*Task details*:
Only the lines below between the ones containing "Playful Lion Portrait" and "Green max Greyhound", inclusive, are to be reproduced, each exactly as it stands.

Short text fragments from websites
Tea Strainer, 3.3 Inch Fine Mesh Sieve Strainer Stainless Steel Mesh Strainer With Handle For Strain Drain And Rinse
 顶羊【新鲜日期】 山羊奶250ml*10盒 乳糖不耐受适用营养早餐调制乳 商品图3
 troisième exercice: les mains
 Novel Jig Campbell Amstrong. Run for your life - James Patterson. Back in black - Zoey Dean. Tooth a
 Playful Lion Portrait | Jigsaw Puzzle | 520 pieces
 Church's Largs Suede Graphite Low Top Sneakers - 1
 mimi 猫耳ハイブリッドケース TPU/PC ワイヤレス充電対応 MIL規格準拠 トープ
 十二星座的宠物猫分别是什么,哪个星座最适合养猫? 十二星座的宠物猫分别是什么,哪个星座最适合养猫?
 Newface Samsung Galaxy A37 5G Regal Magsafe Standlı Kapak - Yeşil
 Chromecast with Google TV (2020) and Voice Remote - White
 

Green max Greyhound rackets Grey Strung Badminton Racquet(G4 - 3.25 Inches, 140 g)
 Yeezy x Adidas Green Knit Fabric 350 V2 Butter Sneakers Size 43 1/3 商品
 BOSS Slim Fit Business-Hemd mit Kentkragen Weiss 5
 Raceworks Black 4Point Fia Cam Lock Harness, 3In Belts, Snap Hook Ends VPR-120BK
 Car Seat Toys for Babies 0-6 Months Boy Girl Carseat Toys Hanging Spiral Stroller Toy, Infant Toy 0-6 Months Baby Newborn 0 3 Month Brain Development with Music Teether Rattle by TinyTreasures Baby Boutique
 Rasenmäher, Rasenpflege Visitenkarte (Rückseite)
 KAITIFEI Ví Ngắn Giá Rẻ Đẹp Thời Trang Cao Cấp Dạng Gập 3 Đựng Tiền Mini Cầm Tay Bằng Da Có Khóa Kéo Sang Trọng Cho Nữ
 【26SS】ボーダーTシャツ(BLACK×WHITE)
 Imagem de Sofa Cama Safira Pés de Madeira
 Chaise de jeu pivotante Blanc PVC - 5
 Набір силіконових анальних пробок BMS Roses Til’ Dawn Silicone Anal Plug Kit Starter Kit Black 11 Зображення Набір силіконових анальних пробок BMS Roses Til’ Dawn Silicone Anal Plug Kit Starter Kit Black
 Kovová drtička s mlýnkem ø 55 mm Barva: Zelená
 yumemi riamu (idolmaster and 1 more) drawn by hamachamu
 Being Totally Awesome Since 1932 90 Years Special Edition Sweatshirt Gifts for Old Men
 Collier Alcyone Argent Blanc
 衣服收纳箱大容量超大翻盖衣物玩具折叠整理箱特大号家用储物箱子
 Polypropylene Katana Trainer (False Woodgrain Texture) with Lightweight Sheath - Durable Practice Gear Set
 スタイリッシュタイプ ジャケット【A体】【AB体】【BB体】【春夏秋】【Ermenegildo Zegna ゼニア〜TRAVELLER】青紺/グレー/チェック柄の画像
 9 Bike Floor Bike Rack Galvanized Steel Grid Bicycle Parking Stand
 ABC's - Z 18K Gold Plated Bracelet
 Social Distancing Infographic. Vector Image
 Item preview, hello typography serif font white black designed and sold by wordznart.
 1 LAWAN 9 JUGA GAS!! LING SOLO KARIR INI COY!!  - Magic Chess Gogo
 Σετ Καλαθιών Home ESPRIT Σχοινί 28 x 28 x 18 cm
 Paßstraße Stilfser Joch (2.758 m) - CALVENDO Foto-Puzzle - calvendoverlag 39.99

*Exercise result*:
 Playful Lion Portrait | Jigsaw Puzzle | 520 pieces
 Church's Largs Suede Graphite Low Top Sneakers - 1
 mimi 猫耳ハイブリッドケース TPU/PC ワイヤレス充電対応 MIL規格準拠 トープ
 十二星座的宠物猫分别是什么,哪个星座最适合养猫? 十二星座的宠物猫分别是什么,哪个星座最适合养猫?
 Newface Samsung Galaxy A37 5G Regal Magsafe Standlı Kapak - Yeşil
 Chromecast with Google TV (2020) and Voice Remote - White
 

Green max Greyhound rackets Grey Strung Badminton Racquet(G4 - 3.25 Inches, 140 g)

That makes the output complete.